GIVEN INFORMATION =
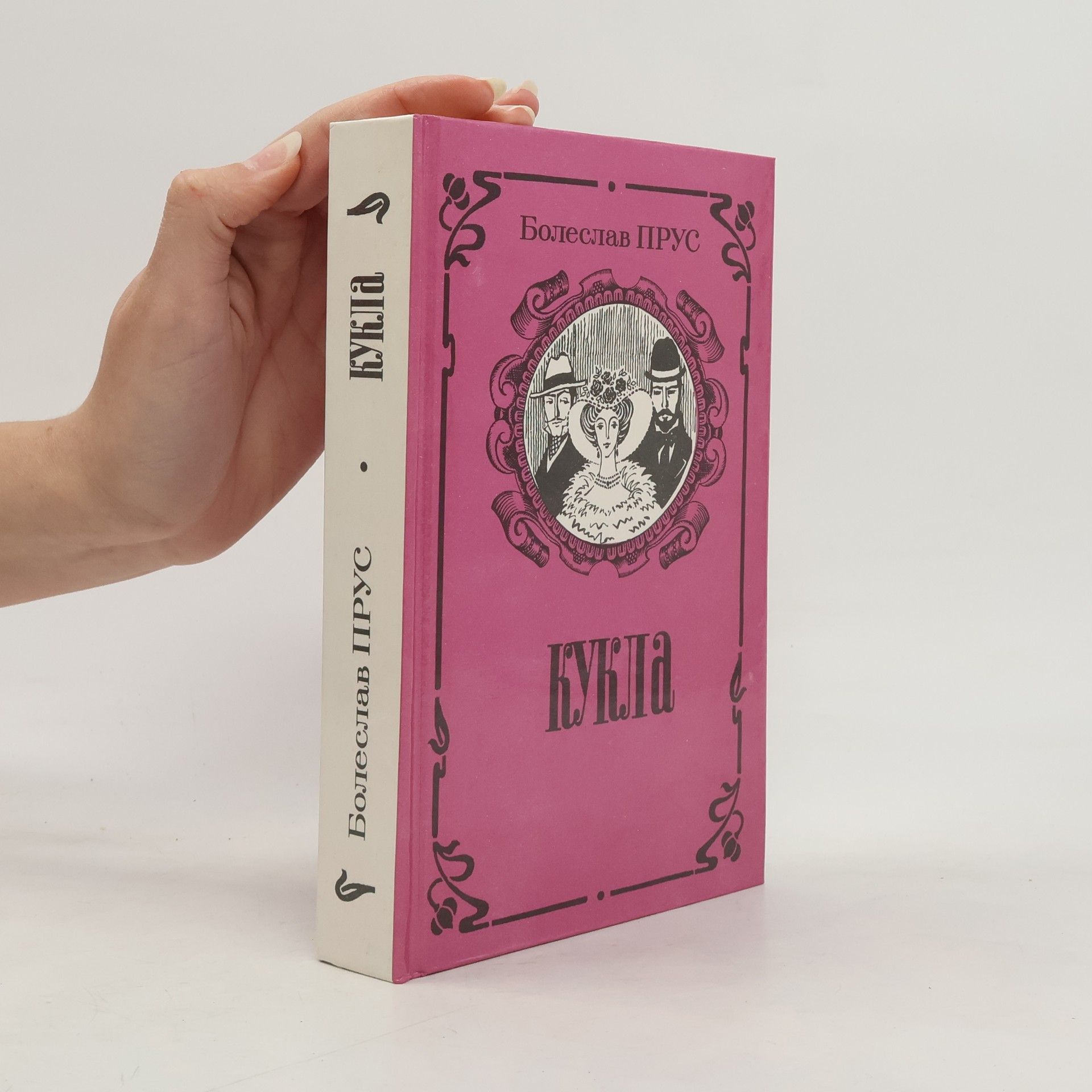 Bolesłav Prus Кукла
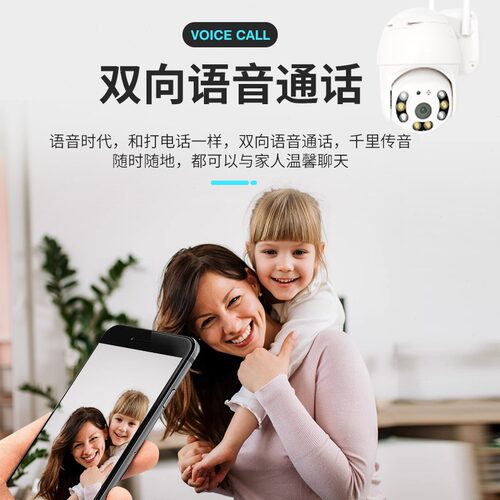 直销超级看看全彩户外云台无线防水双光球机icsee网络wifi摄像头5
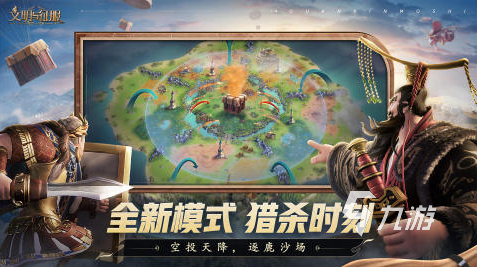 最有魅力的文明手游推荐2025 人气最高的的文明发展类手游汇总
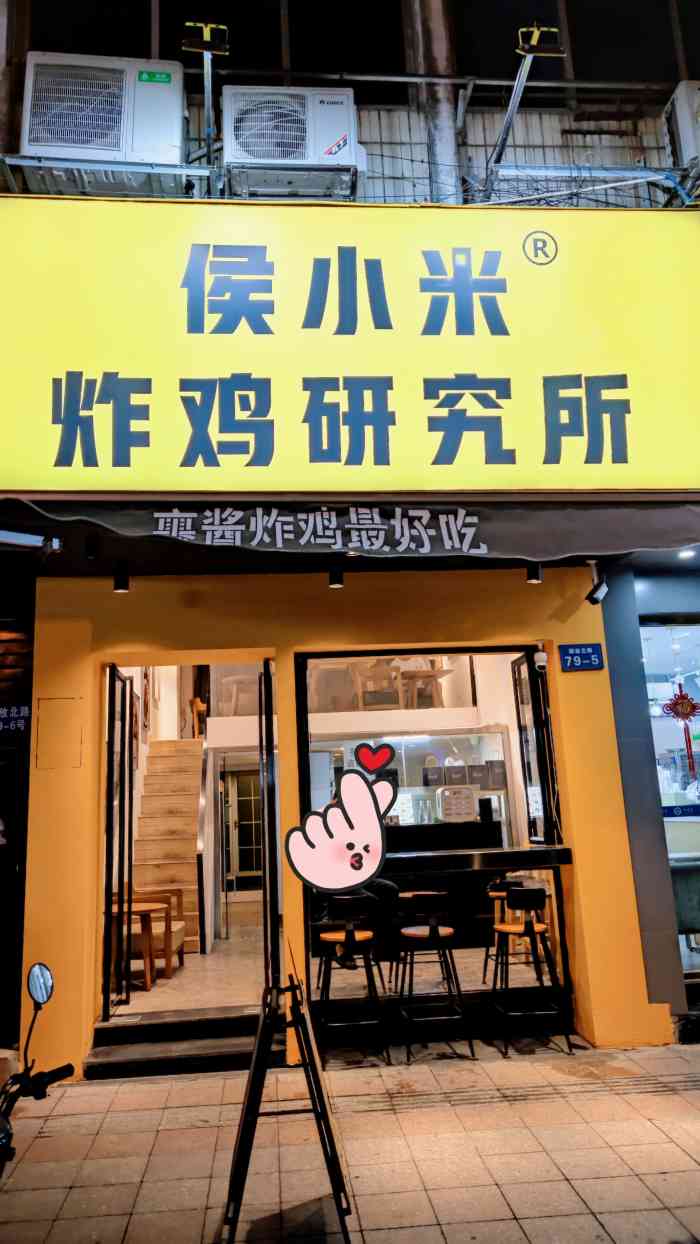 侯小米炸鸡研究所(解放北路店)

THE PROBLEM = Copy out all the data above exactly as written. Skip the pictures.

ANSWER TO THE PROBLEM =
 Bolesłav Prus Кукла
 直销超级看看全彩户外云台无线防水双光球机icsee网络wifi摄像头5
 最有魅力的文明手游推荐2025 人气最高的的文明发展类手游汇总
 侯小米炸鸡研究所(解放北路店)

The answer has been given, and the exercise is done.